In a speech before the World Health Care Congress, outgoing U.S. Secretary of Health Michael Leavitt labeled the transformation to a value-based health care environment as both imperative and the most significant financial challenge that the country has ever faced. He defined the value-based movement as "a growing collection of people, organizations and governments who believe that the value of care should replace the volume of care as the most important virtue in the way health care is paid for and consumed."

Achieving value-based health care will not be easy. The provider segment has evolved from a small, personalized, community doctor model into large, impersonal, multihospital organizations that span geographies. Costs are spiraling upward while billing practices are becoming progressively disjointed, making it difficult for the average consumer to understand pricing structures much less compare options or influence the total cost of required care. Today's model assigns little accountability for change and lacks visibility into quality, cost or efficiency.

As health care providers heed Leavitt's call to action, it is increasingly clear that BI will play a significant role in facilitating the transformation. BI provides an integrated enterprise view of data that can be used to produce key performance indicators, identify patterns in diagnosis, illuminate anomalies in processes and identify variations in cost factors, all of which facilitate accountability and visibility and can drive an organization toward efficiency. Case in point: Leavitt has called for the development of a scorecard (a traditional BI application) in order to lay out how well a hospital or doctor does on a treatment and to clearly delineate charges as a way to measure progress. Just how significant the BI role will be is illustrated in the following Health Industry Insights market predictions for 2008 from Research VP Scott Lundstrom.

  • Decision-making at the point of care or service will drive demand for real-time analytics. 
  • Knowledge-based processes will expand across the health value chain, including specific efforts supporting personalized health.
  • Pay-for-performance initiatives will drive significant IT investments in electronic information-sharing technologies.
  • Payers will increase their investments in stakeholder IT to advance collaboration across the ecosystem.

The transformation to the value-based health care vision is based on three cornerstone concepts, all of which will require integrated enterprise information and the analysis capabilities found in a BI environment.
The first is the drive to adopt a set of standard quality measures that can be used to consistently measure and manage health care organizations. A scorecard will provide both national visibility and consistency to these metrics. While the ultimate vision may be for national standards, many organizations are starting by developing baseline metrics for quality and performance that they can use to measure internally or across groups of hospitals, physicians and patient populations. Procedures per physician, length of stay and overall resource utilization are a few of the metrics that organizations are beginning to track. As these companies build out more robust BI applications, efforts will turn toward more sophisticated analyses to develop metrics around areas such as optimization of patient flow and stay durations, matching resource allocation to care delivery, and surfacing and profiling best practice diagnosis patterns.
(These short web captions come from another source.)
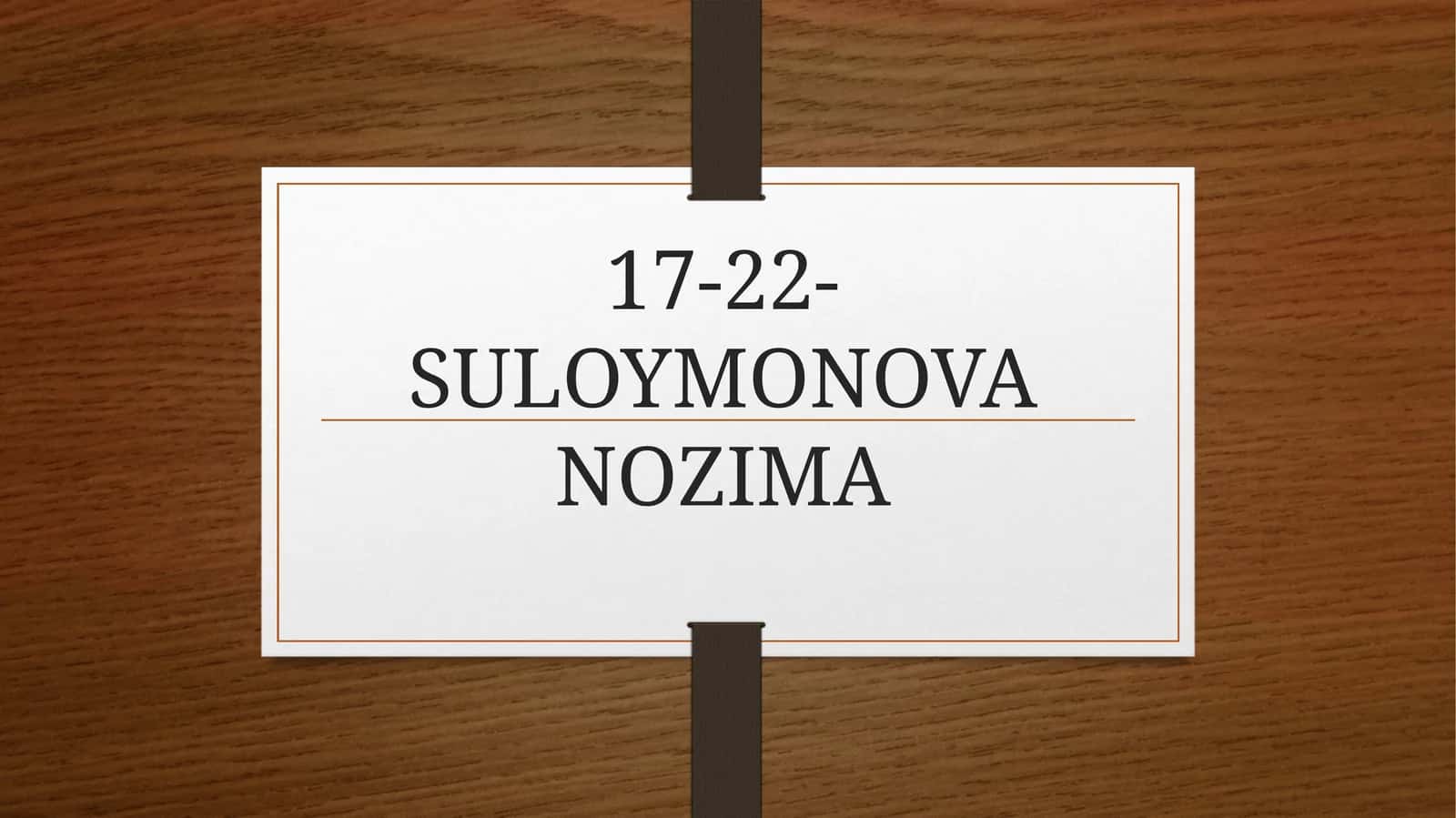 SULOYMONOVA NOZIMA 1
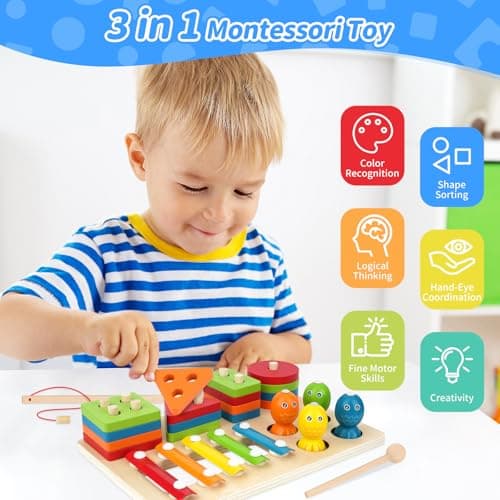 KEARLGMBH 3 en 1 Jeux Montessori 1 an, Jouet Enfant 2 Ans, Jeu Montessori 1 2 3 4 Ans, Jouets à empiler et de tri, Cadeau Bebe Enfant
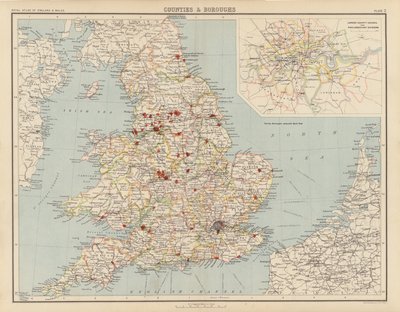 Royal Atlas, c 1900: Counties and Boroughs (farve litho) af English School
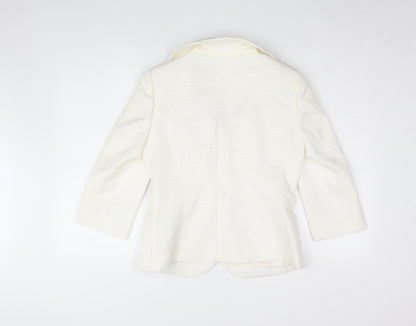 Next Women's Ivory Blazer UK 12 3/4 Sleeve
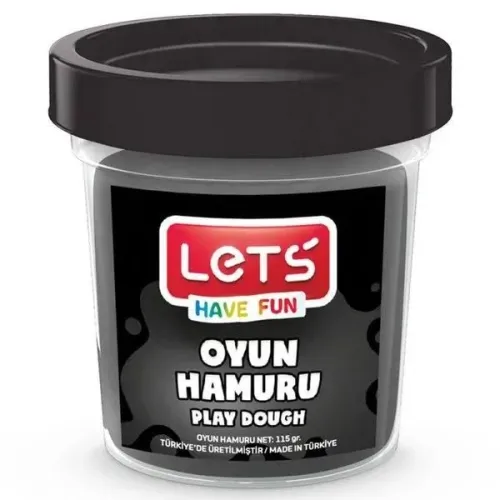 LETS Tek Renk Oyun Hamuru Siyah 115 gr. (Şeffaf Bardak)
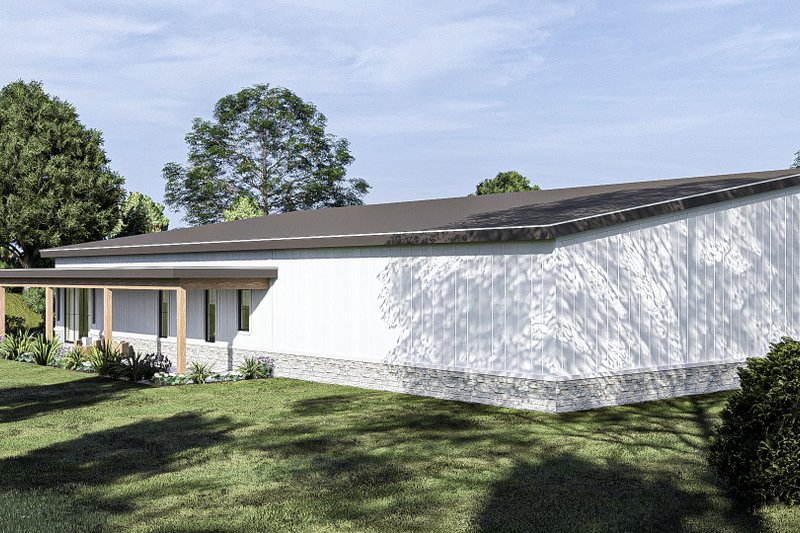 House Blueprint - Exterior - Rear Elevation for Modern House Plan #455-495 - 3 bed, 2 bath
The second cornerstone concept is a focus on health care costs. Containing costs, using data to facilitate cost comparisons across delivery systems, bundling related treatments into logical packages and providing visibility into pricing data are all components of changing focus on cost. BI will play a big role here as organizations try to understand all cost components of various treatments and use these to develop average costs for procedures such as hip replacements and heart surgeries. This may start internally, with providers consolidating the data for all the procedures they perform to reach baseline costs. However, industry-standard cost comparisons that look across providers are not far away. Payers have cost data today on myriad providers and procedures and have already pushed the issue in terms of reimbursement. The logical next step is to provide accessibility to this data to facilitate choice on the part of the consumer based on pricing and, looking forward, on quality of care. Medicare is already reporting on common costs for physicians and hospital procedures, and insurers are beginning to provide cost comparison data to their customers. As this trend continues, providers will have no choice but to focus on cost analysis themselves, particularly if their pricing is outside industry norms.

The third concept is a new look at provider payment and incentives. Changes in this area are being driven through the payer, government and regulatory environments and represent how the convergence of industry segments (e.g., the payer-provider relationship) is forcing the provider community to change. As information about quality and costs is used to develop standards for performance, providers will increasingly face reimbursement models that are based on meeting or exceeding quality and cost measures. One example of this in play today is pay-for-performance initiatives, where providers are compensated based on consistently meeting quality standards and patient outcomes rather than on volume of procedures completed. Providers that participate in this type of compensation program will need extensive information and analytics about actual costs, profit margins and efficiency metrics to set bidding levels by episode that will not exceed the industry cost standards while ensuring that performance is efficient enough to generate profit.